◆ **Assignment**
Write out the full set of records below exactly.

*** Opening of Provided information ***

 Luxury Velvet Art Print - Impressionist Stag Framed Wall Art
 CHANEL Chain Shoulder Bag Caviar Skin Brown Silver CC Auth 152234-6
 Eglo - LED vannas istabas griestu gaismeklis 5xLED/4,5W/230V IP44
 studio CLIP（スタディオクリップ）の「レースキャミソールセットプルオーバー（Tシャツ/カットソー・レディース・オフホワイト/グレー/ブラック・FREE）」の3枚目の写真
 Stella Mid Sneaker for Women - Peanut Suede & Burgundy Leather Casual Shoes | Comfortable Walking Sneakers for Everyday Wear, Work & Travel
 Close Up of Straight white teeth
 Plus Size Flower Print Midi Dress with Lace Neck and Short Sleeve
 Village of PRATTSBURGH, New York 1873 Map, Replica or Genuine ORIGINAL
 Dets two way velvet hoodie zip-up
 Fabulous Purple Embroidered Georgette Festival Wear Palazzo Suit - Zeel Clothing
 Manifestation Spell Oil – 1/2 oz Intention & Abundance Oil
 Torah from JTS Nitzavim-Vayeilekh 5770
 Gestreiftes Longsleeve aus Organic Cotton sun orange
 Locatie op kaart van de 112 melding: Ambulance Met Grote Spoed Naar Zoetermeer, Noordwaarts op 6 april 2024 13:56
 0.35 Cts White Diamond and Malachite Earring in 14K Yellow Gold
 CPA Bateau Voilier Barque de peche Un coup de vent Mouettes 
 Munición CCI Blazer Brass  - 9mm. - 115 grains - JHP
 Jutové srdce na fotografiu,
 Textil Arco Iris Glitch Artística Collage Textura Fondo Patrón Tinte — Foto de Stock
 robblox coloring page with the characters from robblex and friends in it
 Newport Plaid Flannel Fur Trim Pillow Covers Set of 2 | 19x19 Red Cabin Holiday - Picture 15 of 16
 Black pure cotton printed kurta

*** Close of Provided information ***

◆ **Solved exercise**
 Luxury Velvet Art Print - Impressionist Stag Framed Wall Art
 CHANEL Chain Shoulder Bag Caviar Skin Brown Silver CC Auth 152234-6
 Eglo - LED vannas istabas griestu gaismeklis 5xLED/4,5W/230V IP44
 studio CLIP（スタディオクリップ）の「レースキャミソールセットプルオーバー（Tシャツ/カットソー・レディース・オフホワイト/グレー/ブラック・FREE）」の3枚目の写真
 Stella Mid Sneaker for Women - Peanut Suede & Burgundy Leather Casual Shoes | Comfortable Walking Sneakers for Everyday Wear, Work & Travel
 Close Up of Straight white teeth
 Plus Size Flower Print Midi Dress with Lace Neck and Short Sleeve
 Village of PRATTSBURGH, New York 1873 Map, Replica or Genuine ORIGINAL
 Dets two way velvet hoodie zip-up
 Fabulous Purple Embroidered Georgette Festival Wear Palazzo Suit - Zeel Clothing
 Manifestation Spell Oil – 1/2 oz Intention & Abundance Oil
 Torah from JTS Nitzavim-Vayeilekh 5770
 Gestreiftes Longsleeve aus Organic Cotton sun orange
 Locatie op kaart van de 112 melding: Ambulance Met Grote Spoed Naar Zoetermeer, Noordwaarts op 6 april 2024 13:56
 0.35 Cts White Diamond and Malachite Earring in 14K Yellow Gold
 CPA Bateau Voilier Barque de peche Un coup de vent Mouettes 
 Munición CCI Blazer Brass  - 9mm. - 115 grains - JHP
 Jutové srdce na fotografiu,
 Textil Arco Iris Glitch Artística Collage Textura Fondo Patrón Tinte — Foto de Stock
 robblox coloring page with the characters from robblex and friends in it
 Newport Plaid Flannel Fur Trim Pillow Covers Set of 2 | 19x19 Red Cabin Holiday - Picture 15 of 16
 Black pure cotton printed kurta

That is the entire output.